Partamos de la base de que cualquier lectura es buena, aunque sea como ejercicio mental. Cierto es, también, que muchos escritos solo buscan adoctrinar, explotar y desangrar los espíritus de sus lectores, y que -igual que en la vida uno encuentra gente buena y gente mala- hay también en las estanterías del universo libros buenos y libros malos. La manera de distinguir a unos de otros es fácil: el bueno no miente. El malo se disfraza; es un depredador que busca tu proteína, utiliza las palabras como ensalmos hipnóticos para atraerte a su telaraña, solo quiere tu dinero, tu voto, tu sumisión.

El libro bueno no es así.
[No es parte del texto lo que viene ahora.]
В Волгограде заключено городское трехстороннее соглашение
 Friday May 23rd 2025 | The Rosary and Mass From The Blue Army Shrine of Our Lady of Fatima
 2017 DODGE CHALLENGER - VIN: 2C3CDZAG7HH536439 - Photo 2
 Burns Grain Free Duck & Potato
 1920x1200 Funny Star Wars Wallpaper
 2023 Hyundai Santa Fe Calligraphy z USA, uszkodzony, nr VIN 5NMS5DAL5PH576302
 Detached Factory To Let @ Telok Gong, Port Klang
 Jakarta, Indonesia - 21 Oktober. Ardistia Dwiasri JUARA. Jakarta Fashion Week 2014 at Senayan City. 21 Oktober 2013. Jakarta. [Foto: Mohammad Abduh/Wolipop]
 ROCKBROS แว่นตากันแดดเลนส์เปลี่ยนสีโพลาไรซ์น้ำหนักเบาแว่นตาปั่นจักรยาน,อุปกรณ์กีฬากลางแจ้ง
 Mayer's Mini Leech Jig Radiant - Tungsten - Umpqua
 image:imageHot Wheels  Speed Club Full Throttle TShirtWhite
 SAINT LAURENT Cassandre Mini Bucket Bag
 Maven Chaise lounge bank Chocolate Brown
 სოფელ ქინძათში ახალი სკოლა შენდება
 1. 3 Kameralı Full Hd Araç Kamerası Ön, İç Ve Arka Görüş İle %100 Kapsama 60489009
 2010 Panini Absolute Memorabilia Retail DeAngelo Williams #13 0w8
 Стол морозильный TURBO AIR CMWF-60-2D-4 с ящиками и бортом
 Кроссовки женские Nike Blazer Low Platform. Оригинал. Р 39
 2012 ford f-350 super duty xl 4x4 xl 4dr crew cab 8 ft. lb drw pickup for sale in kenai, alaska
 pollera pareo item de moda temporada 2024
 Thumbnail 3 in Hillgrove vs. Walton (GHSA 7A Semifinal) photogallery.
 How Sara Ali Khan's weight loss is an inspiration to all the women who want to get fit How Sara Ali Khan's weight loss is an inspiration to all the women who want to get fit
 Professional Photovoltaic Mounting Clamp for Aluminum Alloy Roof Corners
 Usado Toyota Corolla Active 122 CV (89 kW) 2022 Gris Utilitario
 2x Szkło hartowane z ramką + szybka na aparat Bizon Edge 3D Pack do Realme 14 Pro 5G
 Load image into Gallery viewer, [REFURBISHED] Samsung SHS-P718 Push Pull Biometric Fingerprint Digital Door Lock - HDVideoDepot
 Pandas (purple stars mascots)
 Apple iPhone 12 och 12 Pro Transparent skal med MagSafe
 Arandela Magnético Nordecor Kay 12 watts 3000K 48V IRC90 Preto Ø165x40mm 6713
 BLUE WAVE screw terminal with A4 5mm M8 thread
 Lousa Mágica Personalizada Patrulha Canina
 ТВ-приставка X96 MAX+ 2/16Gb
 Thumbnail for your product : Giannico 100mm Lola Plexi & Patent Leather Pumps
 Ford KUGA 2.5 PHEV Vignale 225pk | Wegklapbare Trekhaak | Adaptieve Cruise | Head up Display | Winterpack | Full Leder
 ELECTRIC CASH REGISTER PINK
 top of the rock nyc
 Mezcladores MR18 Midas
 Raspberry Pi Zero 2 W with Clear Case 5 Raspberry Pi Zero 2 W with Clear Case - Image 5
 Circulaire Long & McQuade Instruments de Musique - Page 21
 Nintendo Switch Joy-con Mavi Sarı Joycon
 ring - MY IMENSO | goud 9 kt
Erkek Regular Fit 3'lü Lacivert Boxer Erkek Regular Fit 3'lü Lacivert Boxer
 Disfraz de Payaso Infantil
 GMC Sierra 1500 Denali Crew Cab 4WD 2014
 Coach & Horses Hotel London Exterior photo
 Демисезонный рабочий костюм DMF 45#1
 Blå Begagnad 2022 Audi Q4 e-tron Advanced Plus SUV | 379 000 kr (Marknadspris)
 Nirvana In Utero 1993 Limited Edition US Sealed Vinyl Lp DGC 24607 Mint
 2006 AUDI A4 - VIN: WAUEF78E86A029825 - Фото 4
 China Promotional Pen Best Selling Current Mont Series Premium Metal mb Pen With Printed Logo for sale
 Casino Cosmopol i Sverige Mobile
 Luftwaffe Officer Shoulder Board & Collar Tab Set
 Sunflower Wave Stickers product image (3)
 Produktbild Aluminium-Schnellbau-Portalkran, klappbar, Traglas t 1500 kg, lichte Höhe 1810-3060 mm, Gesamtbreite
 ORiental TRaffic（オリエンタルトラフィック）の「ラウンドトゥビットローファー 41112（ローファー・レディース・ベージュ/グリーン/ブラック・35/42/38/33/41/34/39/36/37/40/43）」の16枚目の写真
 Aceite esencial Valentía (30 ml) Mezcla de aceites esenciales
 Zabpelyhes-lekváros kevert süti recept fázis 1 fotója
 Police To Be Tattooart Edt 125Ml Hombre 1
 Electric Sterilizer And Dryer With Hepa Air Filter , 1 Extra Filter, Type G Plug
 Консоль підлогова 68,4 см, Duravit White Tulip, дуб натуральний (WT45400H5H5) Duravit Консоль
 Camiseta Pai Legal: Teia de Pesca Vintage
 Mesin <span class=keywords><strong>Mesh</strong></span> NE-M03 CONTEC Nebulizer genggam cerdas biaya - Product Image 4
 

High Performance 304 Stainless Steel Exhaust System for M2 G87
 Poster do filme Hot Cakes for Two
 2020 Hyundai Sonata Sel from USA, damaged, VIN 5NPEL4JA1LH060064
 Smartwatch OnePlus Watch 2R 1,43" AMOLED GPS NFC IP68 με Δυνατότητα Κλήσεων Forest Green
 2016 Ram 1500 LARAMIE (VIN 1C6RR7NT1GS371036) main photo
Es más bien como el amigo bueno, que quiere lo mejor para ti. Quiere oírte, quiere pasarlo bien contigo, es un ángel que será feliz si tú lo eres.

Una vez establecida la distinción precedente, pido al lector de estas líneas que sólo tenga en cuenta los libros buenos, según quedan definidos en los párrafos anteriores, y a todos los efectos de las tesis subsiguientes.

Porque lo que en realidad me interesa esta noche es reivindicar la historia de la literatura. Digo bien: la historia de, y no sólo su substantivo, la literatura.

Y diréis: ¿qué diferencia puede haber entre ambas? ¿No es lo mismo literatura que historia de la literatura? No, rotundamente no. Me explico.

Literatura son los bestsellers -algunos de gran dignidad, libros que sin duda engrosarán a medio plazo la nómina de la historia; y son también los clásicos -esos libros que publican regularmente las editoriales de kiosko, los clubes de lectura, y que forman parte de los currículos escolares y todos hemos visto en clase, y hemos sufrido en exámenes: la Iliada, Lope de Vega, Becquer…

¿Entonces? ¿Qué es la historia de la literatura?

La mejor manera de explicar la diferencia es esta: hay turistas que aseguran haber estado en la India porque han visto el Taj Mahal y el Amber Fort de Jaipur, y hay personas que -habiendo visitado los mismos emplazamientos- sueñan con enlazar sus evocaciones con otras, trazar recorridos imaginarios o reales, volver al país para vagar y perderse por sus callejuelas, dejarse atrapar y perderse en Jaipur o Agra, salir del autobús, romper con la rutina ominosa del itinerario establecido. Esa es la diferencia.

Dejemos la literatura para quienes viajan con guía. La historia de la literatura es una experiencia personal que cada cual se construye a medida, saltando de unas lecturas a otras, enlazando vínculos de la wikipedia provocados por páginas inesperadas, comprando títulos en Amazon o Wallapop de manera compulsiva para comprender la relación entre dos autores o dos obras, ilusionándose con colecciones fabulosas de bibliotecas personales.

Pero además de esta perspectiva sincrónica, hay otra diacrónica, que es seguramente más interesante todavía.

La historia del pensamiento escrito abarca fácilmente cinco milenios, de los cuales están suficientemente documentados los últimos dos y medio, desde Homero a nuestros días. No existe tal cosa como la Edad Media -época oscura de ignorancia y olvido. En todas las épocas y momentos de la humanidad, siempre ha habido una mente y una mano que han querido dejar constancia de ideas, sentimientos y fantasías, de una u otra forma, con mayor o menor suerte, riqueza o diversión. La historia de la literatura es la aventura de reconstruir, a la manera de cada cual -ya que será imposible establecer verdades absolutas- el itinerario de pensamiento y filosofía, ciencia y matemática, de la humanidad desde el primer registro escrito hasta nuestros días.

Pero atención: esta empresa formidable de reconstrucción arqueológica y espiritual no busca esclarecer un crimen o definir axiomas: es simplemente un itinerario que cada cual debe recorrer para encontrar su propio lugar en el extremo cronológico terminal que le ha tocado vivir. No hay nada parecido a la verdad.

Platón, como es sabido, lamentaba la transmisión escrita de la sabiduría. Creía que fijar ideas en palabras escritas significaba despojarlas de su esencia, y que solo lo aprendido verbalmente, por contacto personal, valía la pena. No es que no tuviera parte de razón, hay que decirlo. Escribir es congelar, es siempre intentar hacer eterno lo que por naturaleza es fugaz. Pero lo que Platón no supo ver es que entre lo fugaz y lo eterno hay una dinámica íntima que define y alimenta la alegría: no debemos renunciar a nada.